Frequently Asked Questions
It depends on the asset class. For US stocks, the bot only generates signals during regular market hours (9:30 AM to 4:00 PM Eastern). For forex, which trades nearly 24 hours on weekdays, the bot can operate continuously. For crypto, which trades 24/7, the bot monitors and trades around the clock if configured to do so. You can restrict trading hours in your config file to match your preferences, regardless of market availability.
If the connection between the bot and IBKR drops, any existing stop-loss and take-profit orders that were already submitted to IBKR remain active on the broker's servers. They will execute regardless of whether the bot is connected. The bot will not be able to open new positions or modify existing orders until the connection is restored. Upon reconnection, the bot automatically re-synchronizes its state with IBKR, reconciles open positions, and resumes normal operation. A stable internet connection is recommended, but a temporary outage will not leave your positions unprotected.
Yes. Many users run slmaj on a VPS (Virtual Private Server) or cloud instance for better uptime and lower latency. You need to install IB Gateway (not TWS, since there is no display) on the server, configure it for headless operation, and run the bot alongside it. The system requirements are modest: Python 3.9+, 4GB RAM, and a stable network connection. Linux-based VPS providers (DigitalOcean, Hetzner, AWS EC2) work well for this purpose.

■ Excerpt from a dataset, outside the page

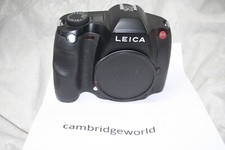 LEICA  WETZLAR S2  Digital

Trading frequency depends entirely on your configuration and market conditions. With default settings and a confidence threshold of 0.70, the bot typically generates between two and eight signals per day across all configured instruments. Not every signal results in a trade; risk checks may block signals that would exceed position limits or daily loss caps. You can increase the confidence threshold to reduce trade frequency, or lower it to increase it. The trade journal shows every signal and whether it was executed or blocked, so you can tune the frequency to your preference during paper trading.